School Lunches

Remember your school canteen? In the 60’s and 70’s it probably served  a combination of sticky cream buns, sausage rolls, pies, chips, fizzy drinks and lollies. These kinds of  foods would end up contributing to a national crisis of childhood obesity! School food has now changed dramatically. Gone are the sticky buns, lollies and fizzy drinks we all remember, these days students are offered a variety of healthy foods which are low in fat and sugar.

But back then, for most of us lunch from the canteen was a rare treat. Our mothers usually had the time and inclination to make our lunch every day and not a lot of disposable income to do otherwise. In my case (& no doubt many others) Mondays provided me with the post-weekend no-fresh-bread luxury of buying lunch from the school canteen. The choice consisted of meat pies, pasties, sausage rolls, hot jam donuts and cream buns (literally oozing with dollops of fresh cream).

The canteen was staffed by none other than our mums! There was a roster system whereby mothers were seconded to work in the canteen & serve the little angels for a day every six weeks or so.  It was exciting & comforting to see you own mum behind the canteen hatch!

Lunch Orders

Remember these? In the mornings the teacher would hand out brown paper bags to students lucky enough to have money for a lunch order from the canteen. You wrote what you wanted on the paper bag & put the money inside. Then the designated “lunch monitor” would take the bags to the canteen, so the ladies could make up the orders. . When lunch time arrived, the monitors would be sent off with a wooden crate to collect the lunch orders. You could smell them coming…lots of brown steaming bags, full of sausage rolls, meat pies  & jam donuts!
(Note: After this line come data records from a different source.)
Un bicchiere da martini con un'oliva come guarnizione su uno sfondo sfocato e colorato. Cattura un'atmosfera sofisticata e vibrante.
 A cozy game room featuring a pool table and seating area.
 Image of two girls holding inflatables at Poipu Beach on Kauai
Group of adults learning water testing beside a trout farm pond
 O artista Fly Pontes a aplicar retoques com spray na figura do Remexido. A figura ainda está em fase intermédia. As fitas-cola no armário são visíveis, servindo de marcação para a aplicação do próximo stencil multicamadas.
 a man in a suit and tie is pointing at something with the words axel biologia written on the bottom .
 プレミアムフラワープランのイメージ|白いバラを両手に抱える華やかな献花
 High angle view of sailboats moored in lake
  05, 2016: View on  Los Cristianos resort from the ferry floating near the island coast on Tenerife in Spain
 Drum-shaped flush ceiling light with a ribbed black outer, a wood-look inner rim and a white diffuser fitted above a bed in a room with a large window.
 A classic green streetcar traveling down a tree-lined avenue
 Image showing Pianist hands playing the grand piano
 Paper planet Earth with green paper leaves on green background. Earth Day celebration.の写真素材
5 comments to School Lunches

  • Derek

    We had school dinners, every Monday we had to bring 5 shillings to school to pay for our meal at lunch time. Kids whose families could not afford it, got meals for free but most families didn’t want the shame of being seen as poor.
    We got a cooked meal and desert, wonderful things like mashed potato, sausage, baked beans & beetroot. I know, but don’t knock it till you have tried it. Jam and coconut slice was a favorite, you should have seen the rush if there were seconds. There were 2 sittings, it was best to go to the second sitting as there was more chance of a second helping.

  • Sue

    How cruel was it when you were lunch monitor for the week and you weren’t lucky enough to have a lunch order!

  • Malcolm Holt

    “Gone are the sticky buns, lollies and fizzy drinks we all remember…”
    This is probably true for primary schools, but with many (most?) secondary schools having the tuck shop contracted out (and therefore, almost no control over WHAT they are allow to sell), this junk food is most definitely STILL on the menu. 🙁

  • School lunches were the best. I really loved the menus and the radio that announced the school lunch menus for the week.

  • No-one wanted to swap sandwiches with me, nor did they
    want to sit near me – I are Italian brick-sized sandwiches
    which mum made for me most days – even when I protested
    that they smelt – salami, cheese, pickles, etc. Oh, mum
    what about vegemite or jam sandwiches on rindless white
    bread like the other kids have?? Well sandwiches have
    evolved – they’re now called Gourmet!